Salud

Saber alimentarse

Las personas que viven solas son más propensas a adoptar una dieta poco saludable y poco equilibrada. Platos poco elaborados, comida precocinada, poca variedad en la dieta y la ausencia de alimentos frescos tienen como consecuencia un menor aporte nutritivo, asegura un equipo de la Universidad de Tecnología de Queensland, en Australia.

Por Raúl González García

Junto con los nuevos modelos de vida de la sociedad moderna se ha incrementado el número de personas que viven solas, y este estudio ha comparado si hay una diferencia entre la dieta de quienes viven solos y aquellos que viven acompañados. El resultado manifiesta una dieta mucho más simple y limitada por parte de quienes viven en solitario, por lo que su aporte alimenticio no es el adecuado y podría desencadenar incluso en problemas de salud.

“La investigación sugiere que vivir solo representa un obstáculo para una alimentación sana por los roles sociales y culturales que existen acerca de la comida y la cocina”, explica la Doctora Katherine Hanna, coautora del estudio.

La falta de habilidad en la cocina es uno de los factores clave, ya que muchas de estas personas no saben qué cocinar ni cómo cocinarlo, por lo que toman la opción rápida del plato precocinado. También se da el caso en el que conocen unas pocas recetas con una elaboración muy reducida, lo cual desemboca en una dieta repetitiva y poco saludable.

“Por ejemplo, la ausencia de motivación o de disfrute a la hora de cocinar (…) lleva a la gente a optar por platos sencillos o precocinados, de bajo valor nutricional”, añade la Dra.

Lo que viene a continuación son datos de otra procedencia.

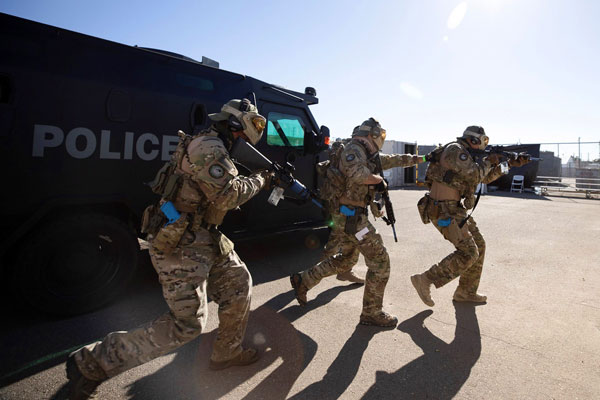 Berkeley police approach the hostage area.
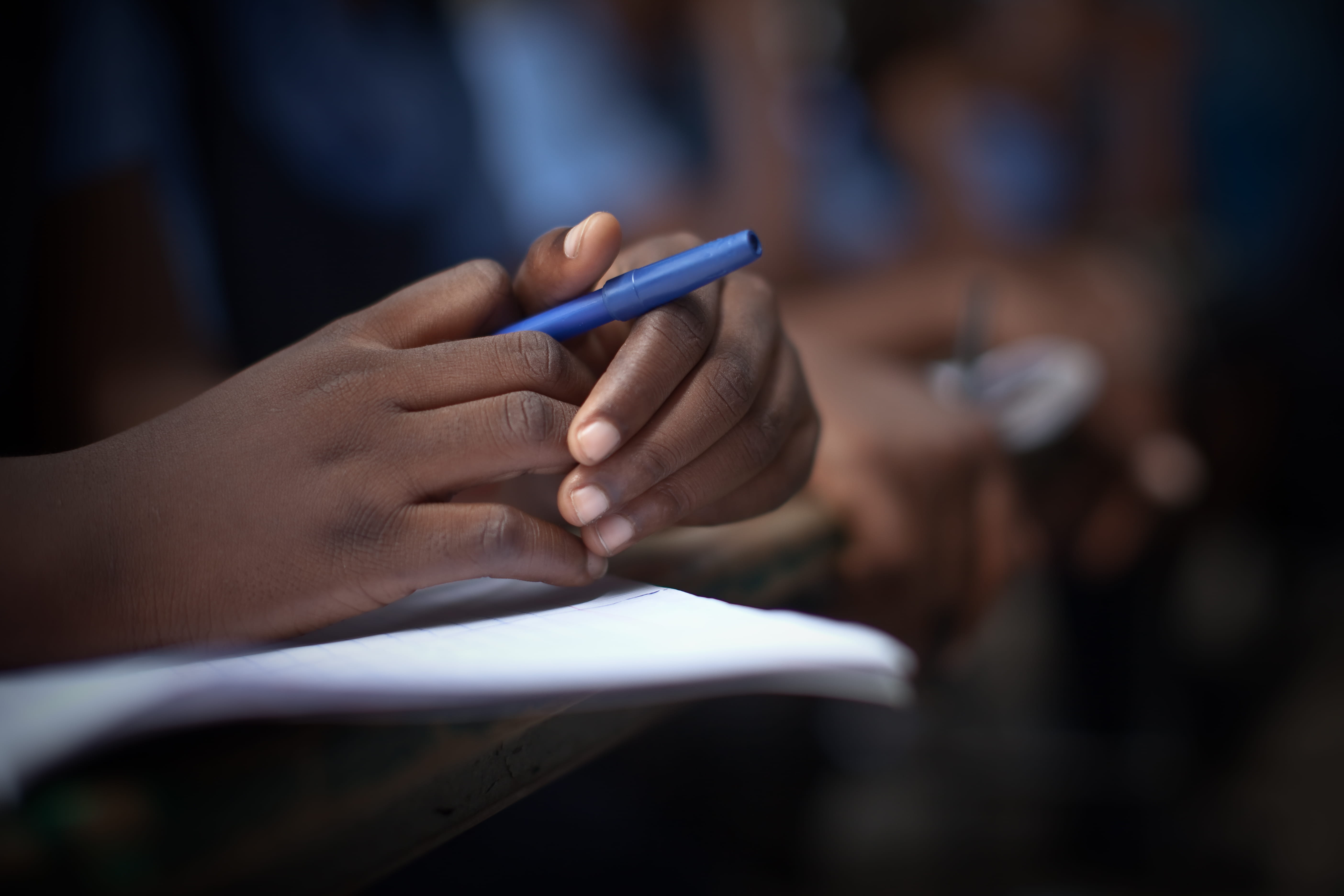 Kinderhand hält einen blauen Stift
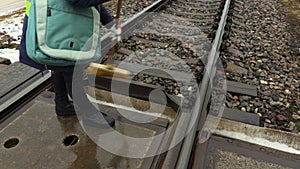 Female railway worker using brush on railway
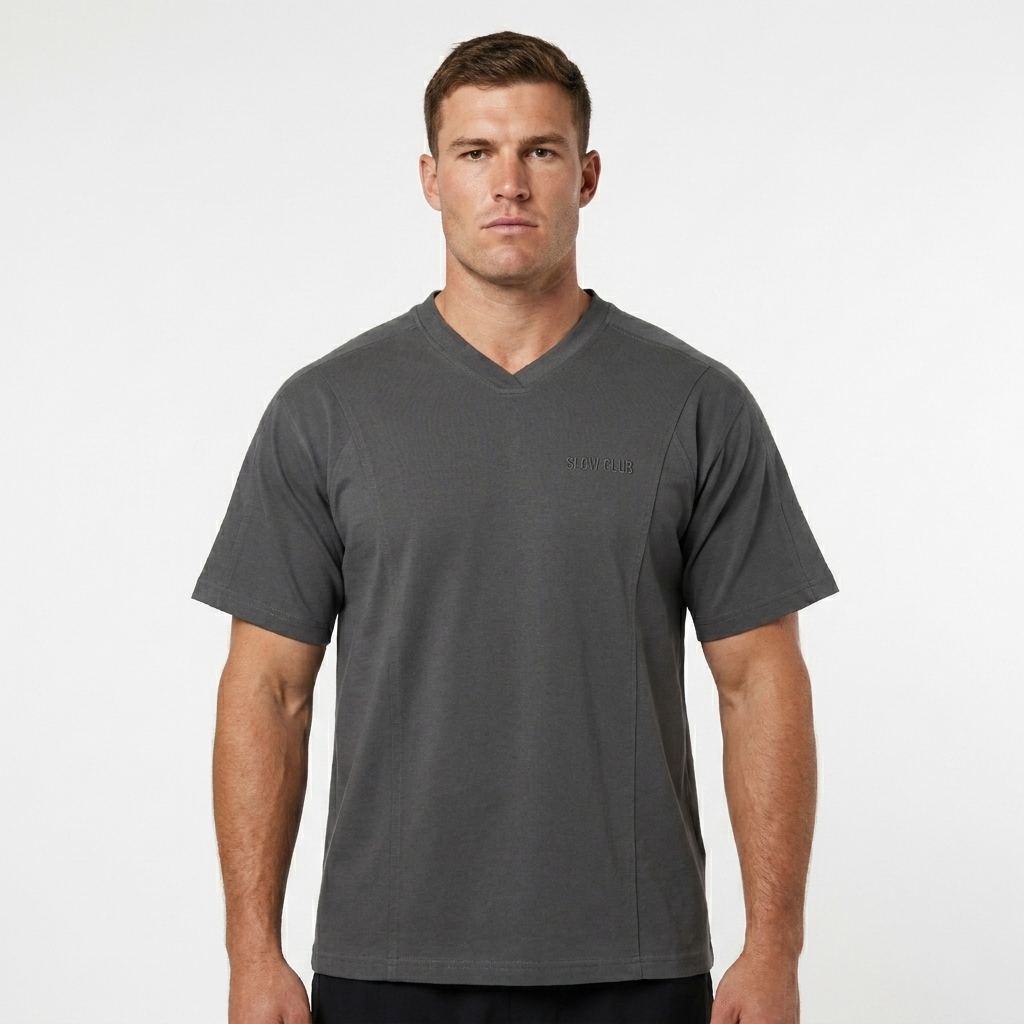 Performance V-Neck T-Shirt worn by a broad-shouldered Australian male fashion influencer, y2k revival styling, studio lookbook — custom performance v-neck t-shirt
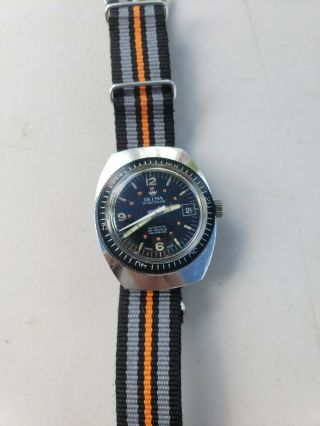 Vintage Delma of Switzerland Automatic 25 jewel,  6 ATM divers watch. 4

Hanna.

Las personas que viven solas varían en el rango de edad, el género, la educación y el estatus socioeconómico, pero en general muchas de ellas podrían no estar preparadas para cocinar por sí mismos por una serie de distintas razones.

“Por ejemplo, una persona que es viuda o divorciada puede haber dejado en el pasado a su pareja el rol de la cocina y la preparación de alimentos. Por tanto carecen de las habilidades suficientes en la cocina para hacer comidas saludables”, afirma.

Aun así, cuenta que existe una serie de estrategias que pueden ayudarnos a abordar las posibles barreras sobre una alimentación saludable para las personas que viven solas.

“Estas incluyen cursos que se centran en habilidades de cocina en una amplia gama de precios, una mayor disponibilidad de alimentos saludables y un desarrollo de sitios socialmente aceptados para comer en lugares comunes”.